_The task_: Begin at the line that has "爆料!小道消息称某选手已签约,价格令人咋舌!", stop after the line that has "Office Mug - Just An Office Clerk", and print exactly those lines from the records below, without any pictures.

_Material provided_:
>>>
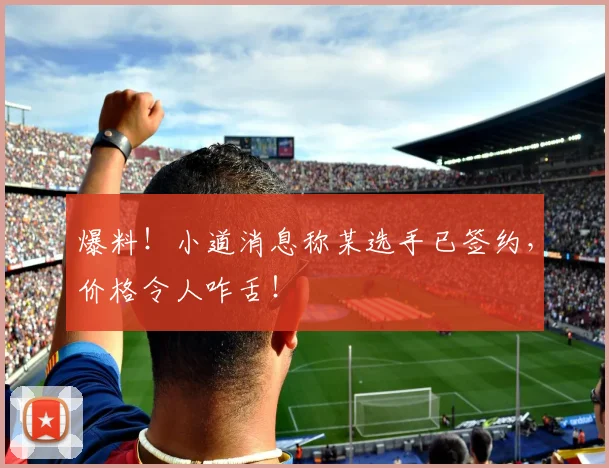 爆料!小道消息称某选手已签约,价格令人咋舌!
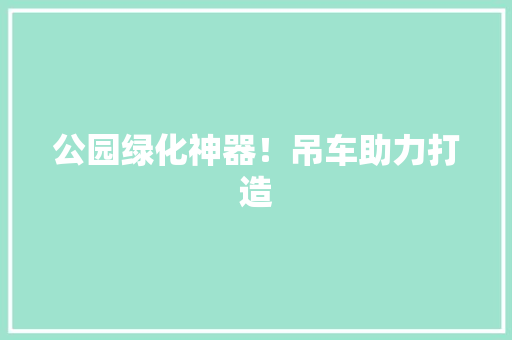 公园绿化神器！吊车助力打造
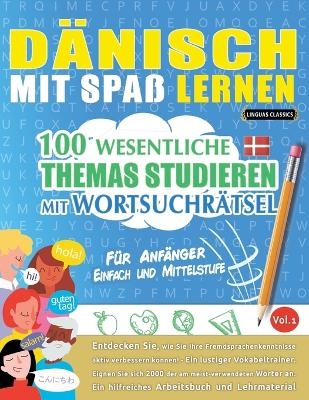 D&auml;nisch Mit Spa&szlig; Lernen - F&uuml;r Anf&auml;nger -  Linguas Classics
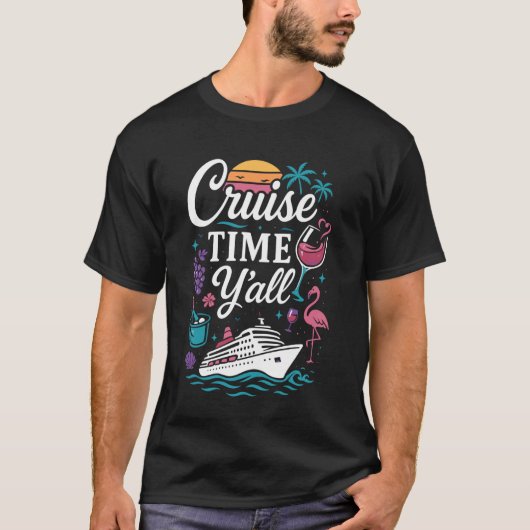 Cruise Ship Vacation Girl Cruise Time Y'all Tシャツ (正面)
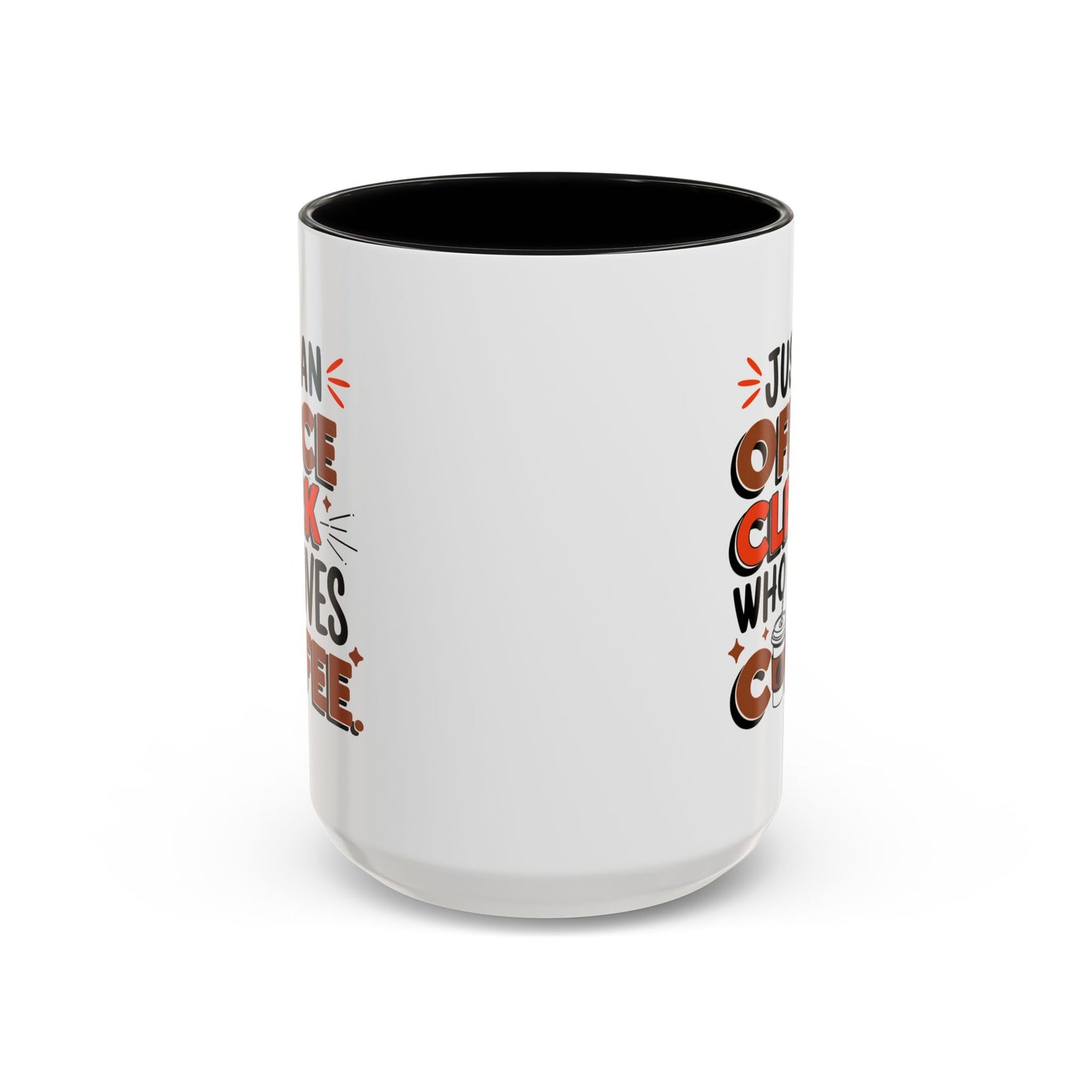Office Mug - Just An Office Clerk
<<<
>>>
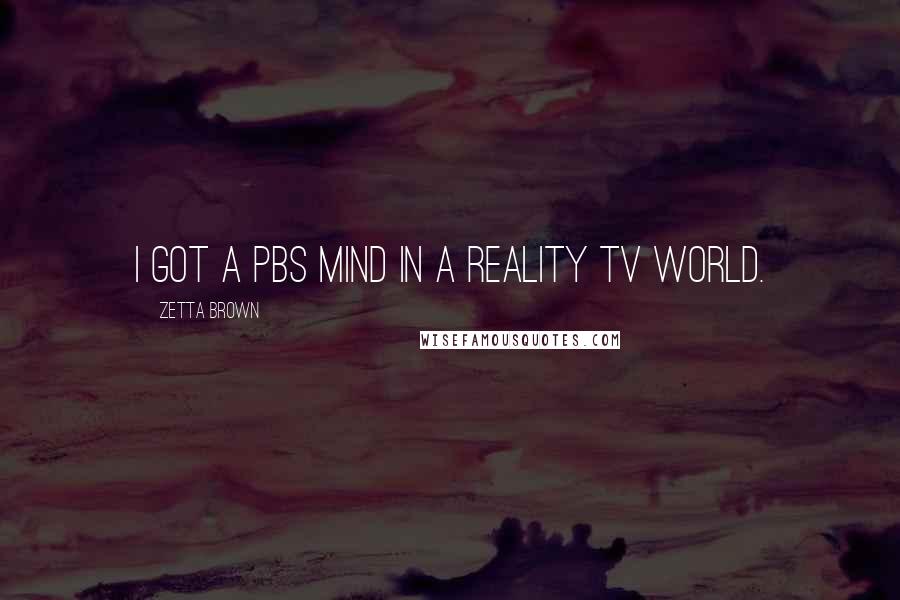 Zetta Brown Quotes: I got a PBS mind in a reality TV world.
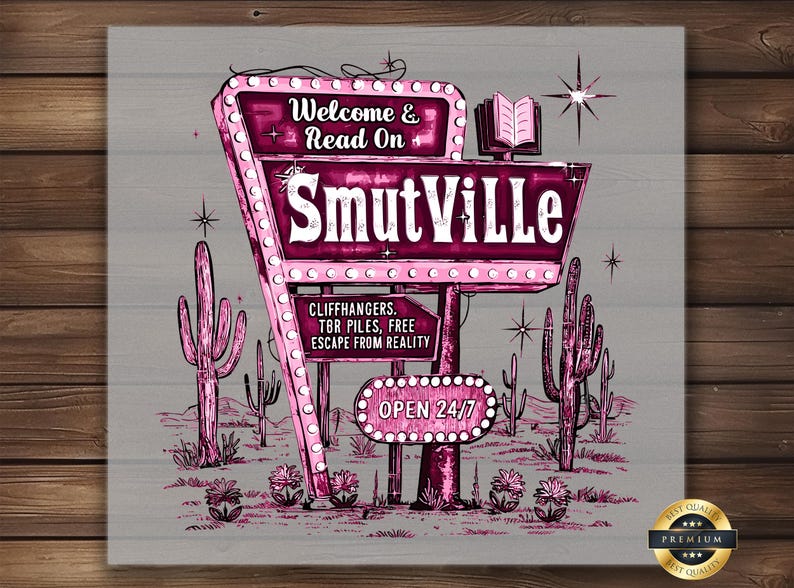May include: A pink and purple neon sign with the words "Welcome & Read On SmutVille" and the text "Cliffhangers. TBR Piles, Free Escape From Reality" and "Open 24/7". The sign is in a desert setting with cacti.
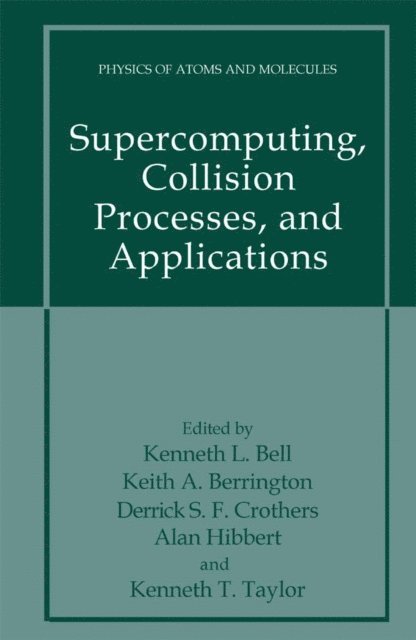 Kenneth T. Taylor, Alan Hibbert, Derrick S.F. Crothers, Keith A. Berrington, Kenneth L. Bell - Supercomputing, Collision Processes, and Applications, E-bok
<<<
>>>
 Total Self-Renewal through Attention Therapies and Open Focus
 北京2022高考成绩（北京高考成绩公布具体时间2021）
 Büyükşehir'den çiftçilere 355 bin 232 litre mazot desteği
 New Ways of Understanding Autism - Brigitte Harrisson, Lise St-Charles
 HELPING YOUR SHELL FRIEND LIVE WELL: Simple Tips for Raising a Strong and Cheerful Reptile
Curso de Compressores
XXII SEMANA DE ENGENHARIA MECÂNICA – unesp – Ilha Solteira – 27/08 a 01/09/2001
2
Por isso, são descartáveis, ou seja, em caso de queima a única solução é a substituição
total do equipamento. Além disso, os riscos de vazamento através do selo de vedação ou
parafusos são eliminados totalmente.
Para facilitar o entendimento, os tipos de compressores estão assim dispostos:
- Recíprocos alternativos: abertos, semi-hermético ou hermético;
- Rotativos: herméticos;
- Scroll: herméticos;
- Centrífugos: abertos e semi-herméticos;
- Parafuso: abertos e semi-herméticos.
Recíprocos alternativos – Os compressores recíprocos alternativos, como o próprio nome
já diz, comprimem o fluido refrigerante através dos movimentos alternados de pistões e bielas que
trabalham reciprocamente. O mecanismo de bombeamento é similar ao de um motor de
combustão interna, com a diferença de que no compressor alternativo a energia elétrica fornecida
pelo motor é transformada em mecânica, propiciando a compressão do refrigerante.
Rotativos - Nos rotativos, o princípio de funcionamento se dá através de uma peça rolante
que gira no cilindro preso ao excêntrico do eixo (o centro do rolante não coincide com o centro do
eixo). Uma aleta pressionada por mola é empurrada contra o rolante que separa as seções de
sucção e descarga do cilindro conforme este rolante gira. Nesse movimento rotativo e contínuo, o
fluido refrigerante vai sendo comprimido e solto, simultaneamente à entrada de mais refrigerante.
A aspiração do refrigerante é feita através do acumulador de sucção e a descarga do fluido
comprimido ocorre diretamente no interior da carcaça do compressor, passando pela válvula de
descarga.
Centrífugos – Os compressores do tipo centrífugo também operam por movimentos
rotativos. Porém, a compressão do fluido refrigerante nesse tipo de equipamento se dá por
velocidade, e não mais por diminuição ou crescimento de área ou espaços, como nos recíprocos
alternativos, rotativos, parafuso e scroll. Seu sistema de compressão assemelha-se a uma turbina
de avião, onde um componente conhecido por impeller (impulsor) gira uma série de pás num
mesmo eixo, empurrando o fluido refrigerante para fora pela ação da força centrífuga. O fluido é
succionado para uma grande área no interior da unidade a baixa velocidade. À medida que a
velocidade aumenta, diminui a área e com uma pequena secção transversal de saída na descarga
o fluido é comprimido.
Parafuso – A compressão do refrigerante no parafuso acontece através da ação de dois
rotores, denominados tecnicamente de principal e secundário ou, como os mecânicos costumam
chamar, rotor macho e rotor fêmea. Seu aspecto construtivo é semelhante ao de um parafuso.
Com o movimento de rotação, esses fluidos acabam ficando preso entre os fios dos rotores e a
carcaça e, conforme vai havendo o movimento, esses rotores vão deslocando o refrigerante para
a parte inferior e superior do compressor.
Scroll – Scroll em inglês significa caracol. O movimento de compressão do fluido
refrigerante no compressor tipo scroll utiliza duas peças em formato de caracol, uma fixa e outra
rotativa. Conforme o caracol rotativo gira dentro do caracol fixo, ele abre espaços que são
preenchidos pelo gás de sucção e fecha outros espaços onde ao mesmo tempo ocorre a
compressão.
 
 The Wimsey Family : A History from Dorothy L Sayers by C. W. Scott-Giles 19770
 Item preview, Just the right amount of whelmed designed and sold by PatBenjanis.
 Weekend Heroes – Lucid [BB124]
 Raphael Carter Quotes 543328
<<<
_Answer box_:
 爆料!小道消息称某选手已签约,价格令人咋舌!
 公园绿化神器！吊车助力打造
 D&auml;nisch Mit Spa&szlig; Lernen - F&uuml;r Anf&auml;nger -  Linguas Classics
 Cruise Ship Vacation Girl Cruise Time Y'all Tシャツ (正面)
Office Mug - Just An Office Clerk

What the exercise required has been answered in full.